Em uma entrevista, Butler - pós-graduado pela Faculdade de Direito da
Universidade de Wisconsin, que trabalhara durante 12 anos como juiz nos
tribunais de Milwaukee – disse que os últimos meses tinham posto em dúvida o seu
compromisso com as eleições.
"Historicamente, a minha posição tem sido a de que há algo a ser
dito para o público que está selecionando as pessoas que vão tomar decisões
sobre os seus futuros", disse o juiz Butler.
"Mas as pessoas deveriam estar olhando para a capacidade dos juízes
de analisar e interpretar a lei, sua formação jurídica, seu nível de
experiência e, o mais importante, sua imparcialidade", continuou ele.
"Não se devem estar tomando decisões baseadas em anúncios cheios de
mentiras, engano, falsidade e discriminação racial. O sistema está quebrado, e
isso rouba o público do seu direito de ser informado".

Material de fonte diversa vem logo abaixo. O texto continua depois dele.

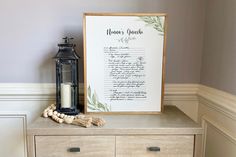 a wooden dresser with a framed menu next to a candle and some seashells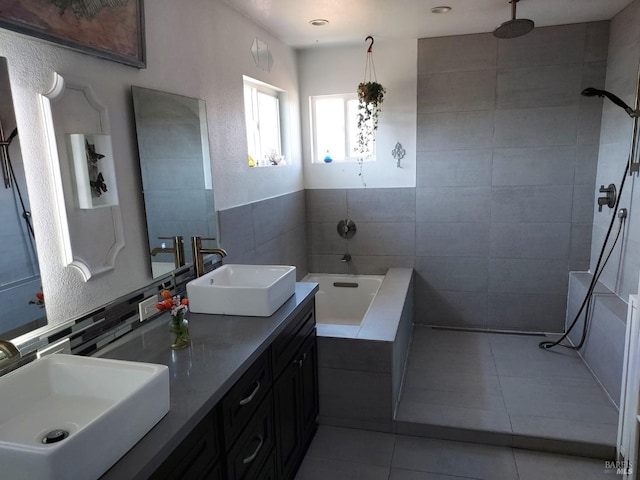 bathroom featuring tile patterned flooring, vanity, separate shower and tub, and tile walls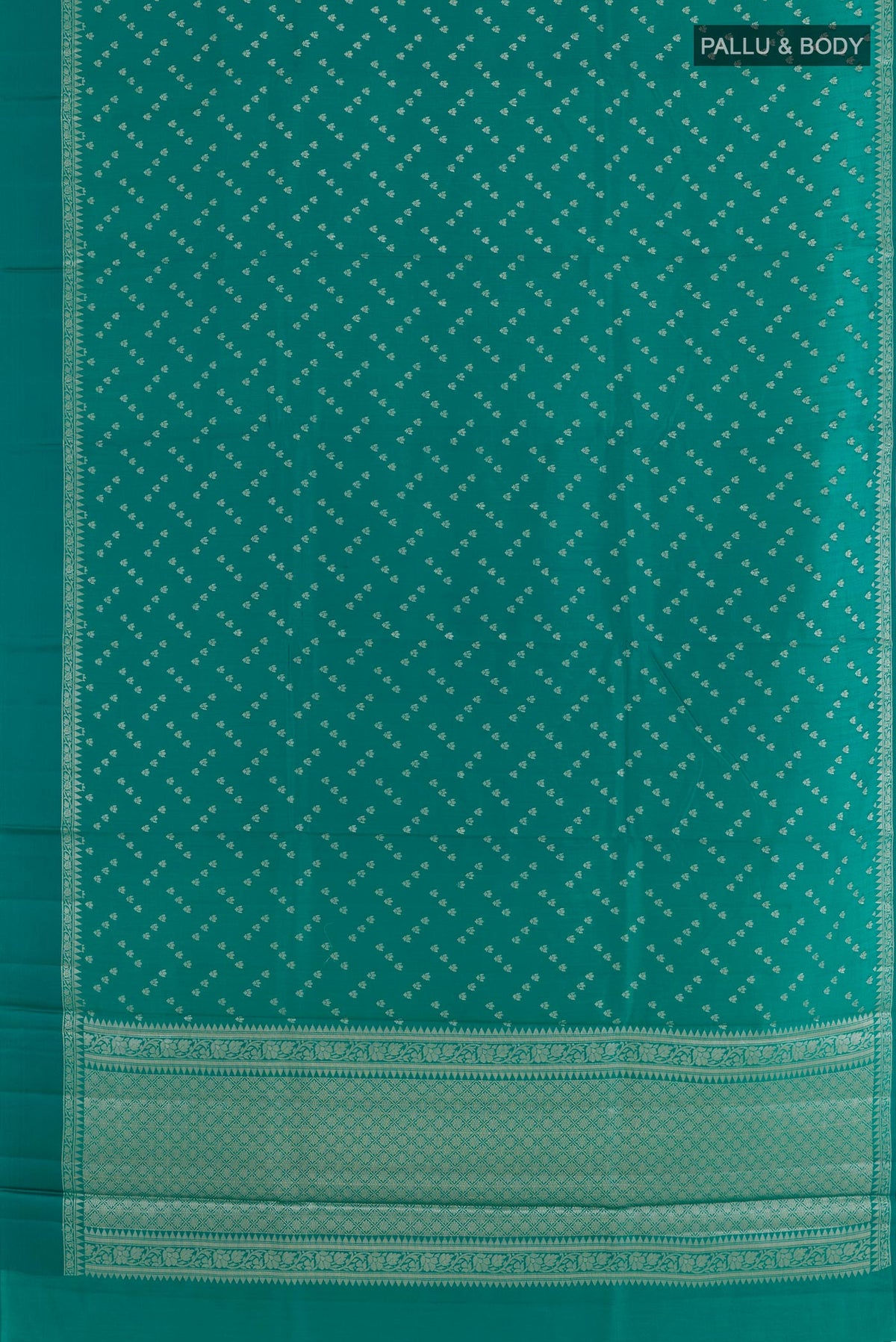 Flat view of Sea Green Tussar Silk Saree with Zari Butta on the body and Zari Border. 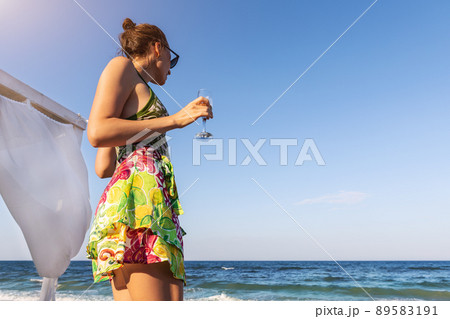 Back view young stylish adult woman holding cold alcohol refresh beverage glass looking at ocean shore at summer seaside vacation. Female person treat relax holiday at exotic resort hotel beach Back view young stylish adult woman holding cold alcohol refresh beverage glass looking at ocean shore at summer seaside vacation. Female person treat relax holiday at exotic resort hotel beach 89583191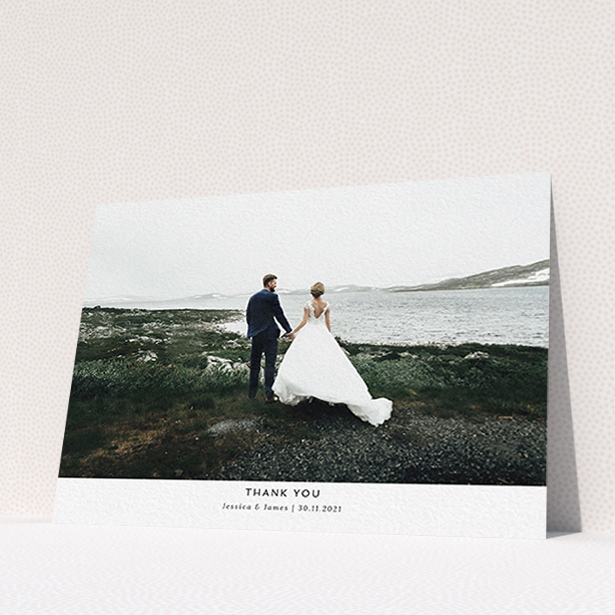 A wedding thank you card design named "Sans Serif". It is an A6 card in a landscape orientation. It is a photographic wedding thank you card with room for 1 photo. "Sans Serif" is available as a flat card, with mainly white colouring.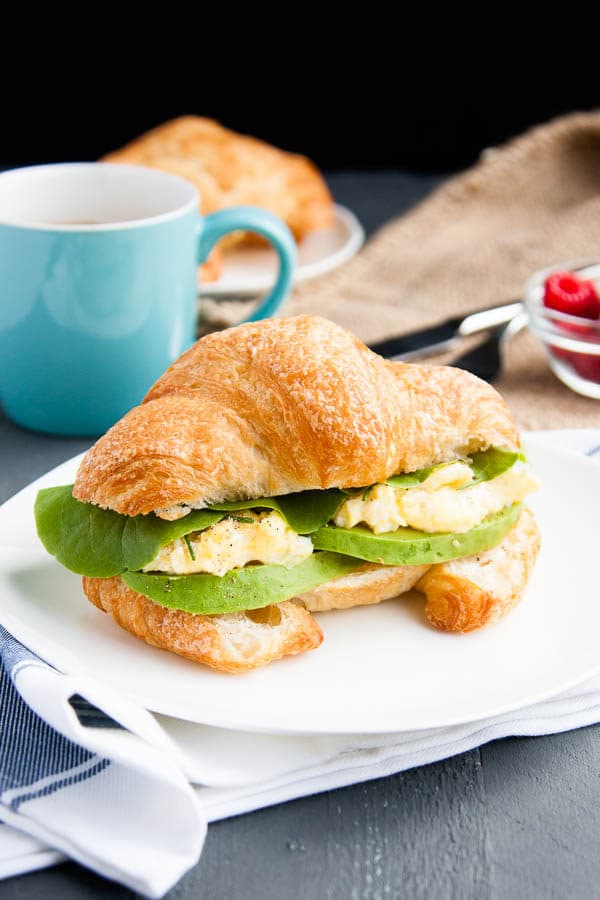 Take a flaky croissant, fluffy scrambled eggs, and slices of rich avocado, pair it with a few leaves of butter lettuce (I've used the lettuce from our garden!) and you have one helluva breakfast sandwich.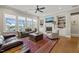 Bright living room featuring a fireplace, built-in shelves, and expansive windows offering scenic views at 216 Ocean Jasper Dr, Holly Springs, NC 27540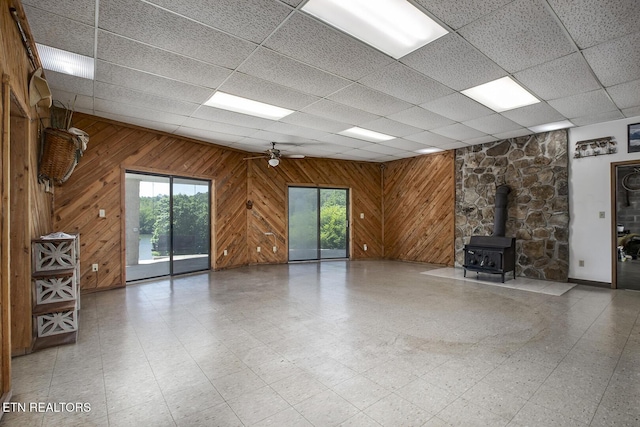 unfurnished living room featuring a healthy amount of sunlight, light floors, and a wood stove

Baissus, juiz francês, disse que sua nação havia, uma vez, considerado
eleger seu poder judiciário.
"É um argumento que foi amplamente debatido após a Revolução
Francesa", disse ele. "Pensou-se que não seria uma boa ideia. Pessoas
buscando a reeleição não seriam independentes. Elas estão de fato perto do
eleitorado, mas às vezes desconfortavelmente perto."